Data Science and Business Analytics are exciting areas that has many new applications that could potentially revolutionize our lives. One of the most important area is forecasting business or economics activities. For example, banks using customers data to predict their credit card default rate, retailers use online browsing behaviors to predict online advertisement click-through rate, and governments using analytics to reduce crime rate and traffic congestion.

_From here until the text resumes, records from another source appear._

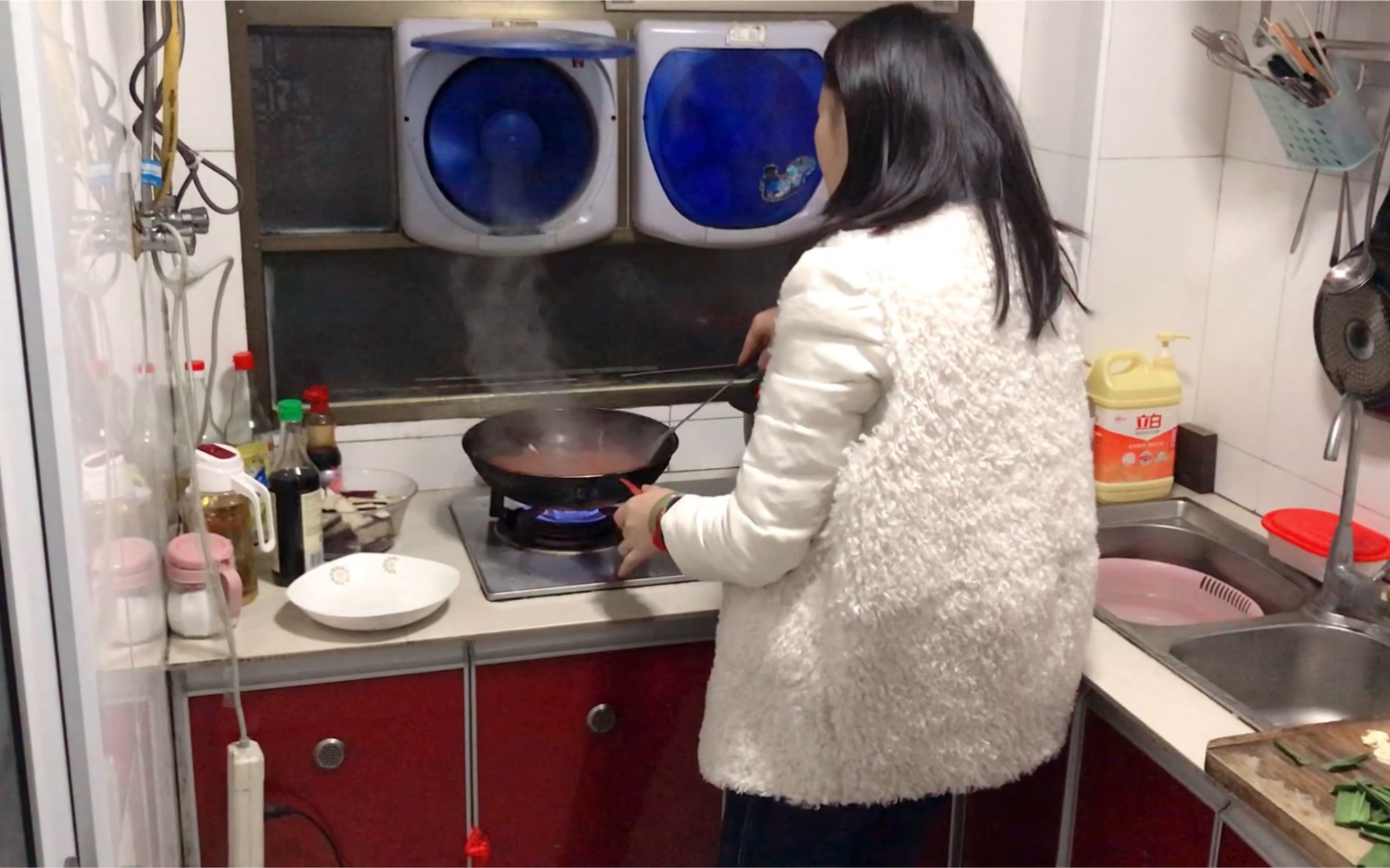 一边做饭一边躁狂会怎么样一边做饭一边躁狂的后果-第3张图片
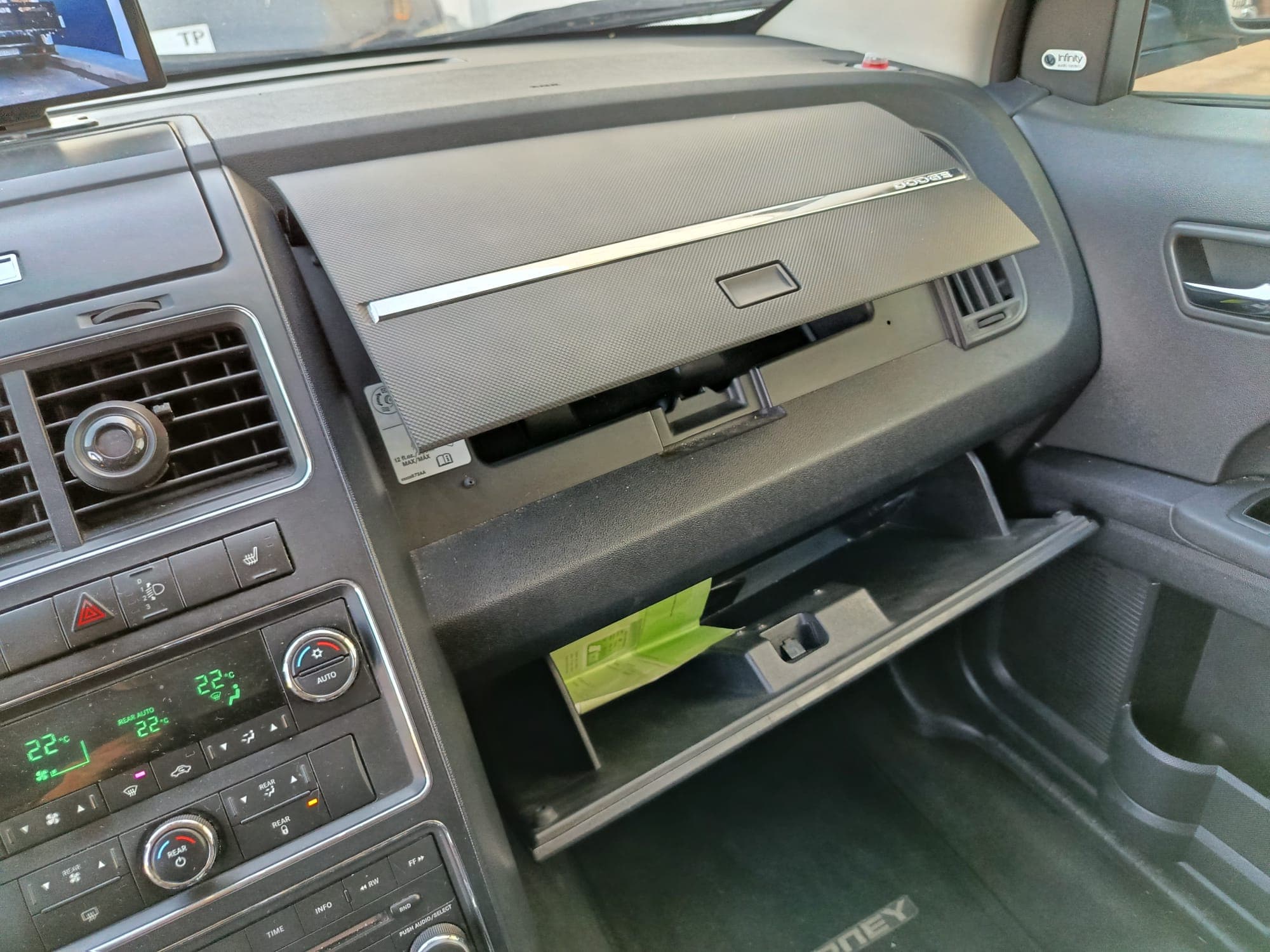 Dodge Journey · Ano 2009 — imagem 13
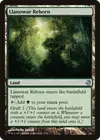 Product image for Llanowar Reborn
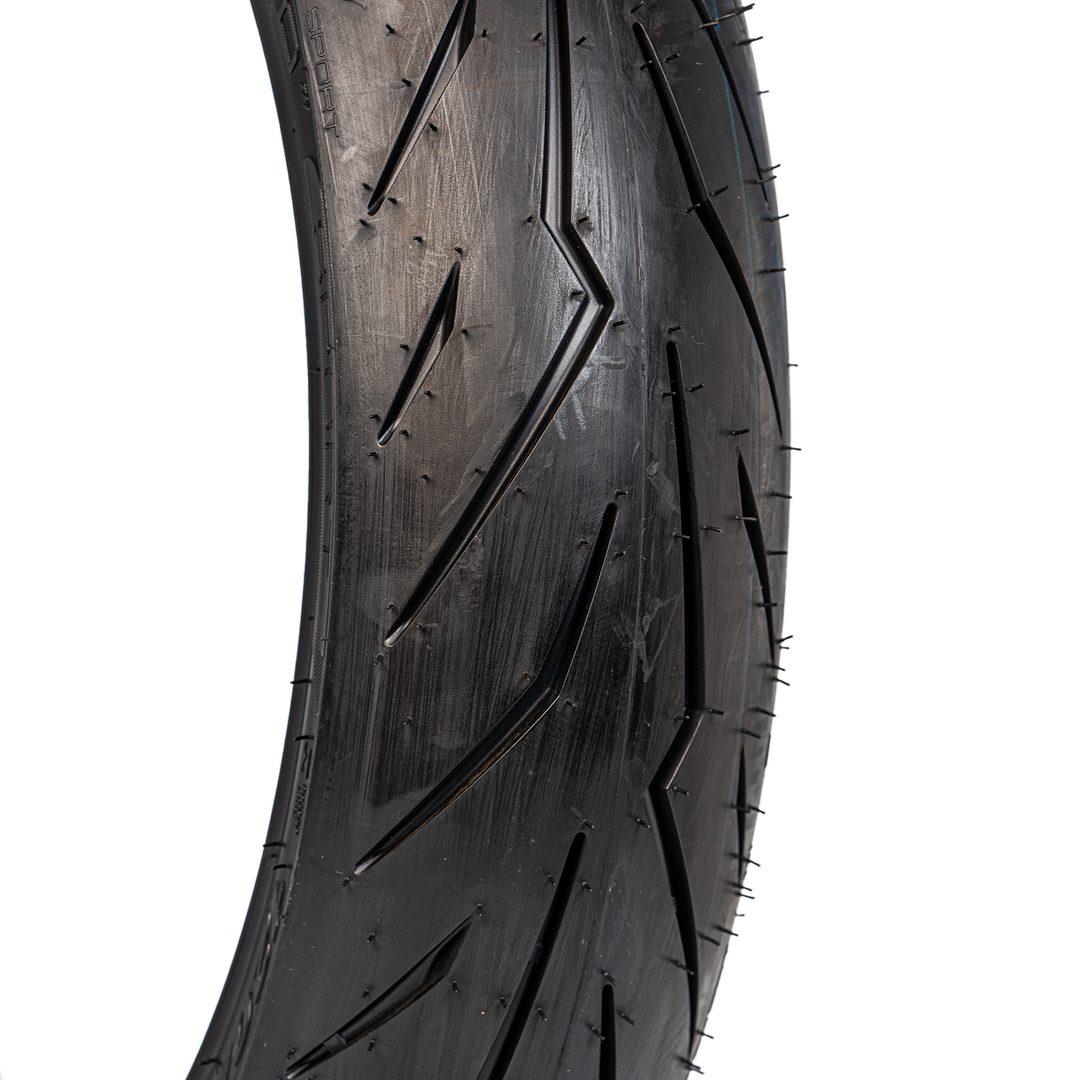 Llanta Pirelli 120/70-17 DIABLO ROSSO SPORT Sellomatic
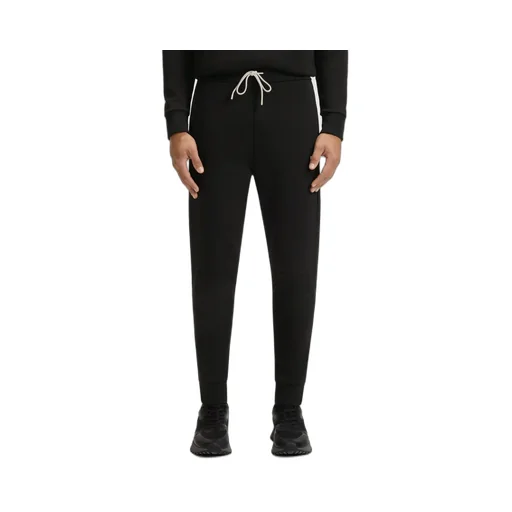 Panelled Drawstring Track Pants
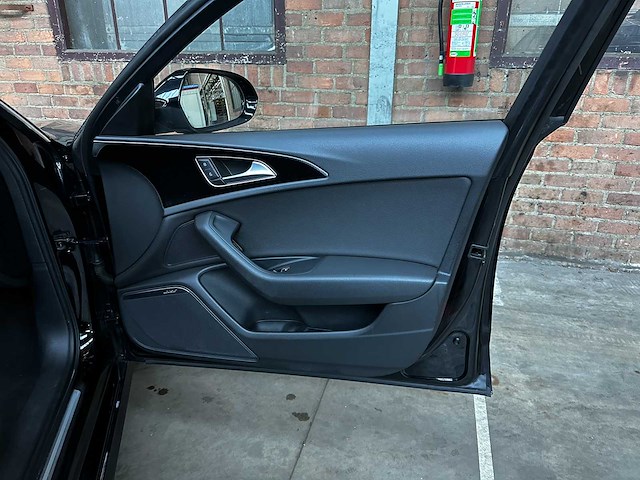 Audi a6 avant 3.0 tdi v6 quattro sport edition c7 s-line 204pk 2014, n-433-hk - afbeelding 16 van  42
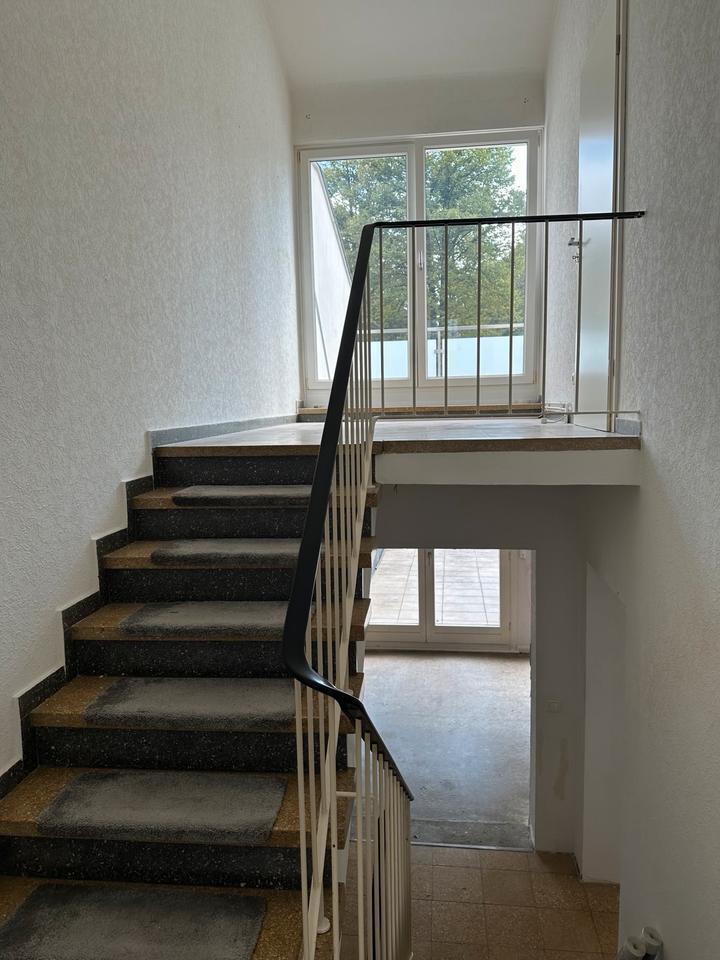 Reihenmittelhaus im Grünen – Essen-Holsterhausen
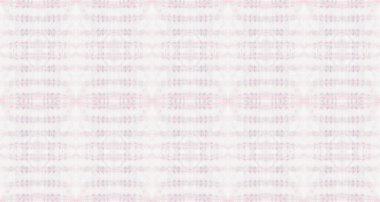 Mor Renkli Geometrik Desen. Kusursuz suluboya tekrar eden kırmızı renkli Geometrik Tekstil. Soyut El İşareti. Violet Renkli Bohem Fırçası. Etnik Bohem Batik. Kusursuz Çizgili Ikat Fırçası.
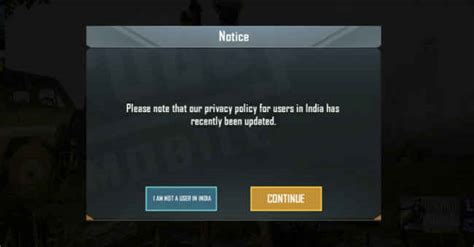With ban looming, PUBG Mobile updates its Privacy Policy for Indian ...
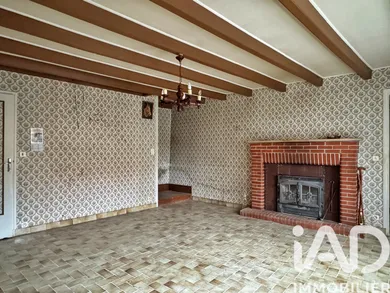 Maison à Luxé (16230)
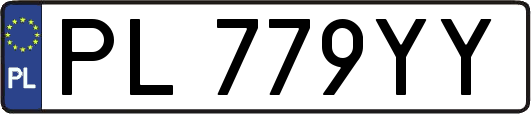 PL779YY
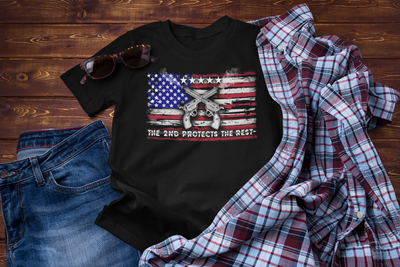 Classic American Gun Gift Box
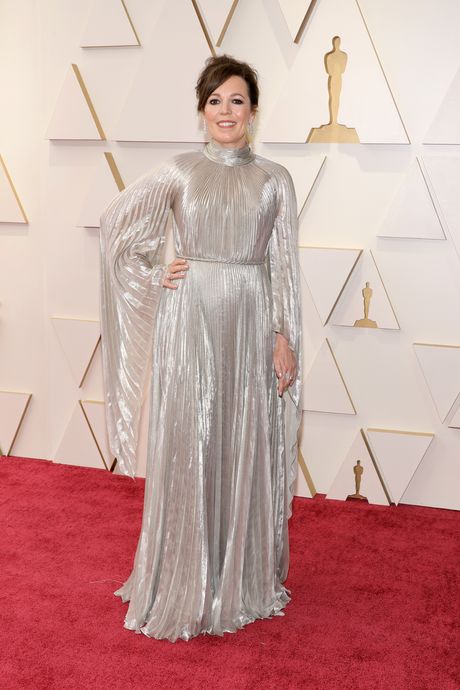 Oscars Red Carpet 2022 Looks - 94th Academy Awards Fashion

This workshop begins with important classification algorithms including decision tree, random forest, and gradient boosting machines including XGBoost and LightGBM. We will discuss how to conduct exploratory visualization for data transformation, handle missing values, cross-validation, features engineering with domain knowledge, grid search for hyperparameter tuning, and stack results from multiple prediction models. We will learn and practice R and Python to apply algorithms on Kaggle’s famous tutorials for beginners, such as predicting real-estate prices, predict future sales, or predicting the survivors during the Titanic event.
During the second phase students will work in groups to participate in an (active) data competition problem on Kaggle.com. We will work on topics that are more relevant to business analytics based on mostly structured dataset. For example, the current topics in 2018 October include “Google Analytics Customer Revenue Prediction” and “Using News to Predict Stock Movements”.
Students interested in this workshop should have basic knowledge of object-oriented programming and basic Statistics.